Besides, the grounding unit 20, the feed-in source 22 and the substrate 28 are familiar to those skilled in the art, which is not described hereinafter. In practical application, according to different users' requirements or systems, those skilled in the art can further adjust sizes, materials or locations of different elements of the wideband antenna 2, so as to extend the application field of the wideband antenna 2. Additionally, the different embodiments of the invention are easily demonstrated by locating these elements to be parallel or perpendicular to each other to spare more space for design concerns, which can also be done in conjunction with adjustably installing/reducing curves of the forming elements, so as to achieve the same purpose, and such modifications are within the scope of the invention.

In summary, the invention provides a wideband antenna which includes a first radiating body approximately located above a second radiating body, and a conducting unit of the first radiating body is disposed to form a vertical coupling connection effect with the second radiating body via a distance. According to different users' requirements, structural changes/modifications of these forming elements of the first radiating body and the second radiating body can be modified. Alternatively, two planes of a substrate loading the wideband antenna can be utilized to separately load the forming elements of the first radiating body and the second radiating body, so as to provide users a more flexible application field. In comparison with the prior art, the wideband antenna of the invention is more suitable for transmitting radio signals in the high frequency band as well as in the low frequency band, and has better VSWR in wireless transmitting process.

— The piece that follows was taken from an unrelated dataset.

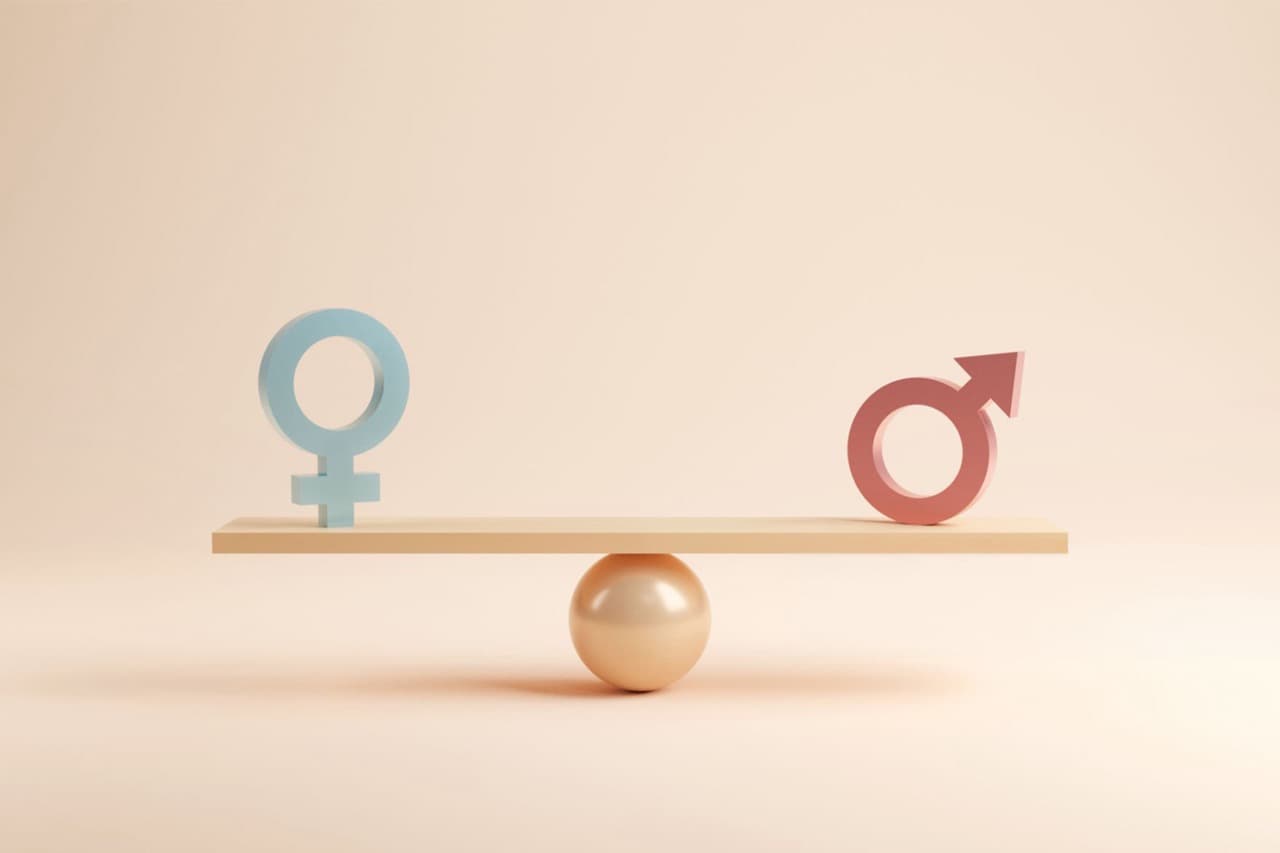 gender equality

Those skilled in the art will readily observe that numerous modifications and alterations of the device and method may be made while retaining the teachings of the invention. Accordingly, the above disclosure should be construed as limited only by the metes and bounds of the appended claims.

Claims

1. A wideband antenna comprising:

a grounding unit electrically connected to a ground;

a feed-in source for transmitting and receiving radio frequency signals;

a first radiating body comprising: a first radiating unit extending along a first direction; a second radiating unit extending along a second direction opposite to the first direction; and a conducting unit extending along a third direction, and comprising one end electrically connected between the first radiating unit and the second radiating unit and another end electrically connected to the feed-in source; and

a second radiating body comprising: a short-circuit unit electrically connected to the grounding unit; a third radiating unit electrically connected to the short-circuit unit, and comprising a branch extending along the third direction to generate a coupling connection effect with the conducting unit via a first distance;

wherein the first direction is approximately perpendicular to the third direction, and a distance between a side of the second radiating body facing the grounding unit and the grounding unit is smaller than a distance between a side of the first radiating unit facing the grounding unit and the grounding unit, such that a combination of the first radiating body and the grounding unit externally surrounds the second radiating body.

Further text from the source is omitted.